The challenge is this: from the perspective of a customer of a serverless provider, you don’t have visibility into how hard the provider is working to stay in control. If the underlying infrastructure is nearing some limit (e.g., amount of incoming traffic it can handle), or if it’s operating in degraded mode because of an internal failure, these challenges are invisible to you as a customer.

Woods calls this phenomenon the veil of fluency. From the customer’s perspective, everything is fine. Your SLOs are all still being met! However, from the provider’s perspective, the system may be very close to the boundary, the point where it falls over.

Woods also talks about the importance of reciprocity in resilient organizations: how different units of adaptive behavior synchronize effectively when a crunch happens and one of them comes under pressure. In a serverless environment, you lose reciprocity because there’s a hard boundary between the serverless provider and a customer. If your system is deployed in a serverless environment, and a major incident happens where the serverless system is a contributing factor, nobody from your serverless provider is going to be in the Slack channel or on the conference bridge.

I think Simon Wardley is correct in his prediction that serverless is the future of software deployment.
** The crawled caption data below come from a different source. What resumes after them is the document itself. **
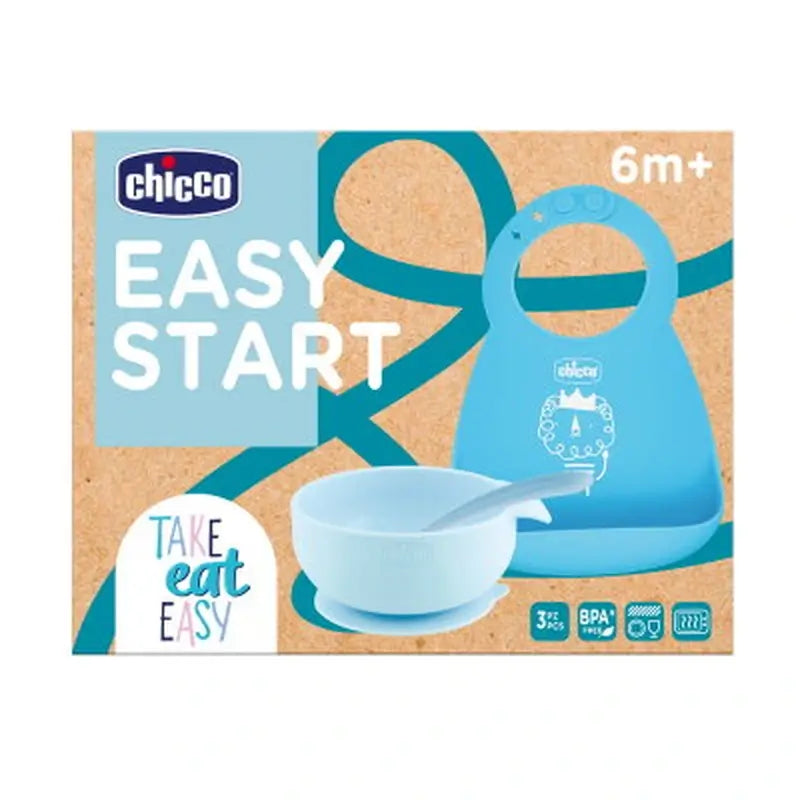 Conjunto de refeição de silicone Chicco Take Eat Easy Azul 6M+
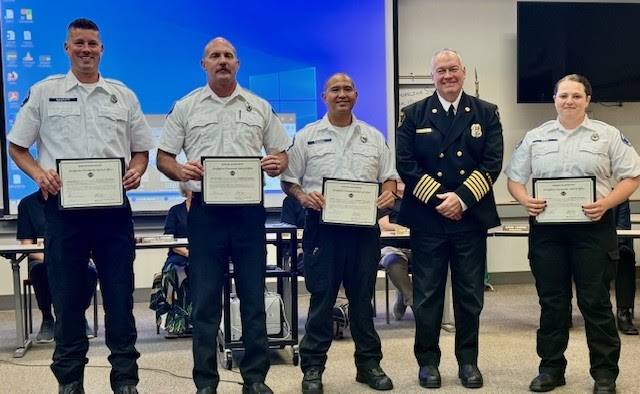 Recognition and Badge Pinning ceremony at Shoreline Fire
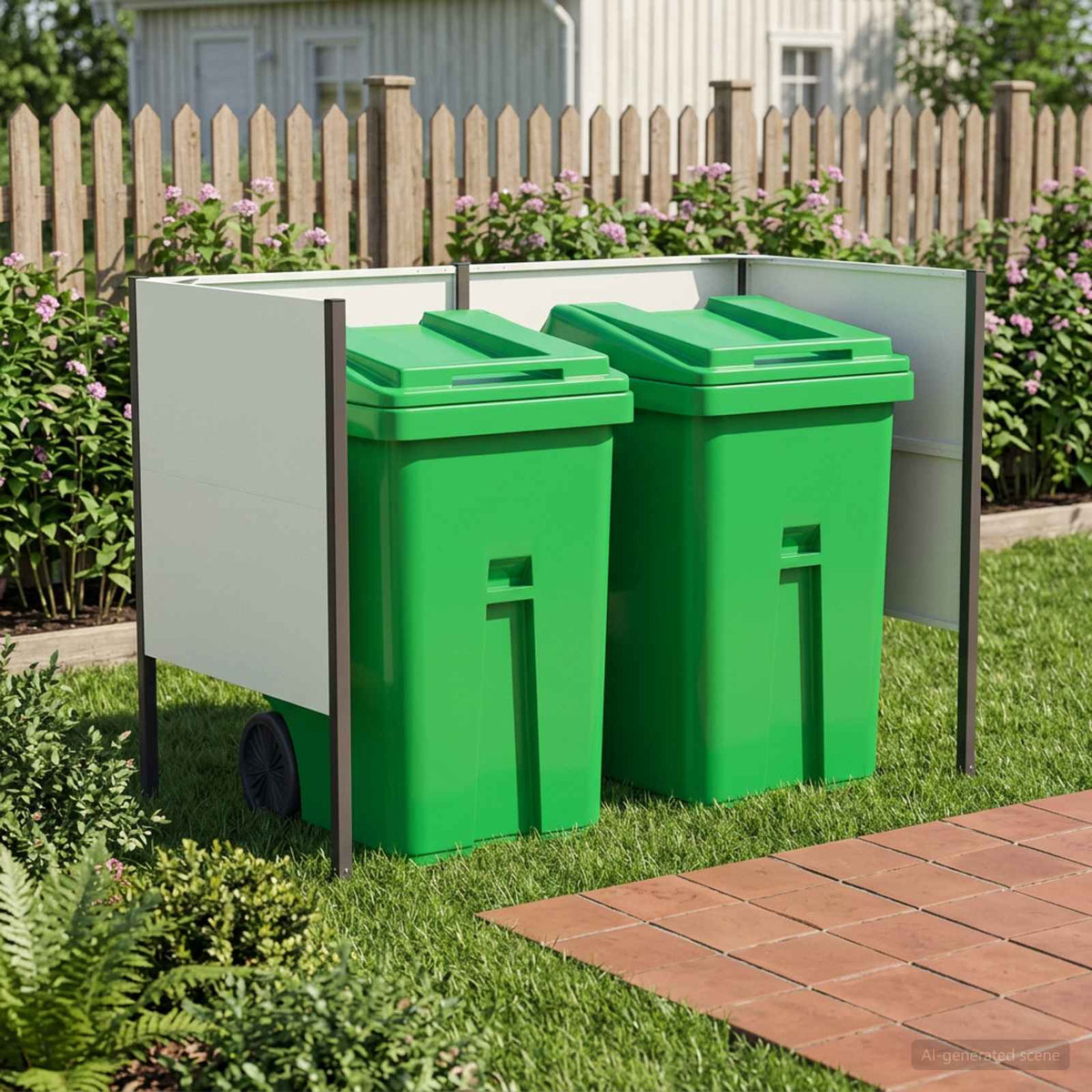 Afvalcontainer scherm 167 x 85 x 113 cm Staal Wit is nu te koop bij PeponiXL, paradijselijk wonen!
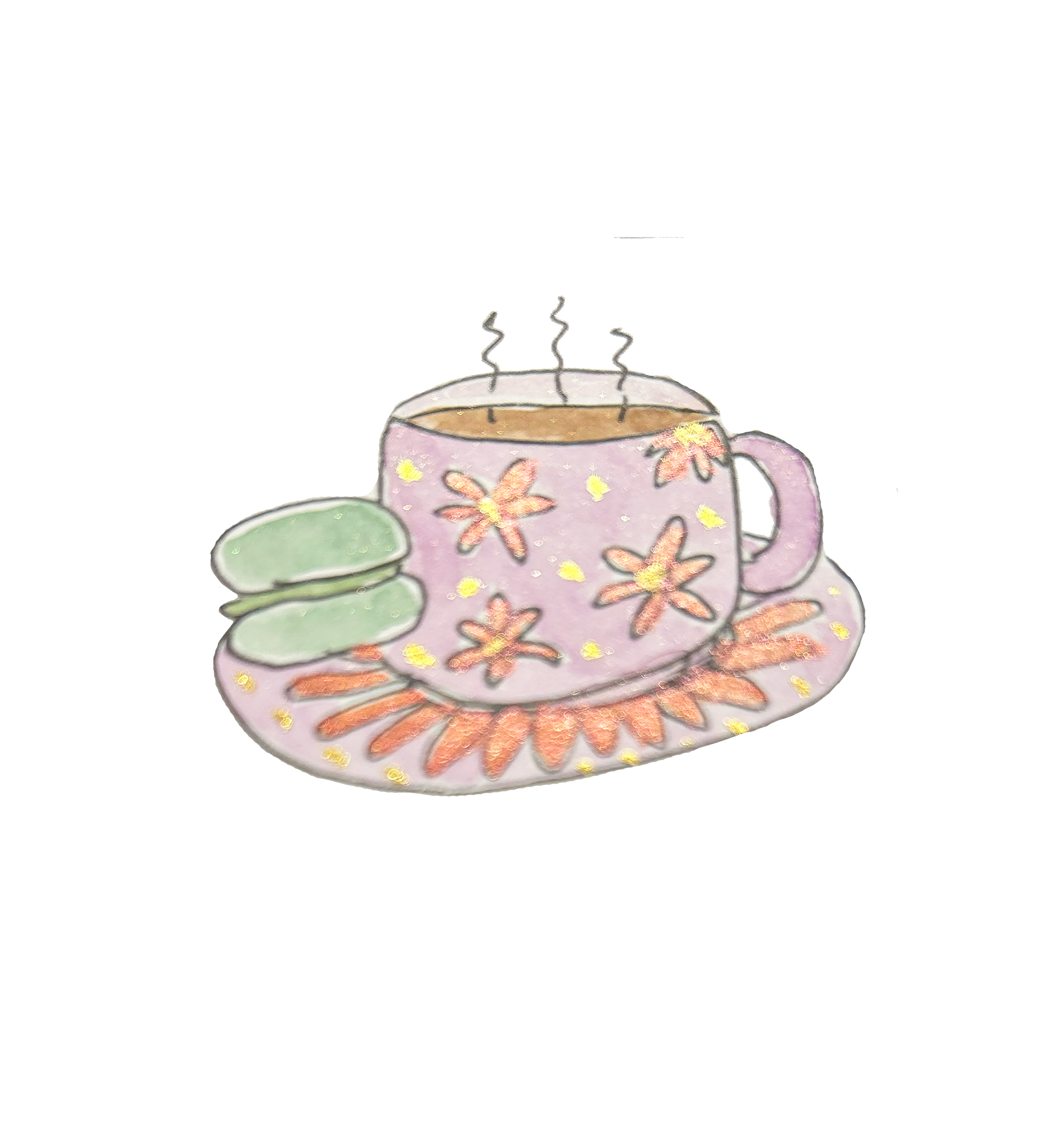 sparkly watercolour illustration of a cup of tea and a biccie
The tools are still immature today, but they’ll get there. And systems built on serverless will likely be more robust, because the providers will have more expertise in resource management and fault tolerance than their customers do.

But every system eventually reaches its limit. One day a large-scale serverless-based software system is going to go past the limit of what it can handle. And when it breaks, I think it’s going to break quickly, without warning, from the customer’s perspective. And you won’t be able to coordinate with the engineers at your serverless provider to bring the system back into a good state, because all you’ll have are a set of APIs.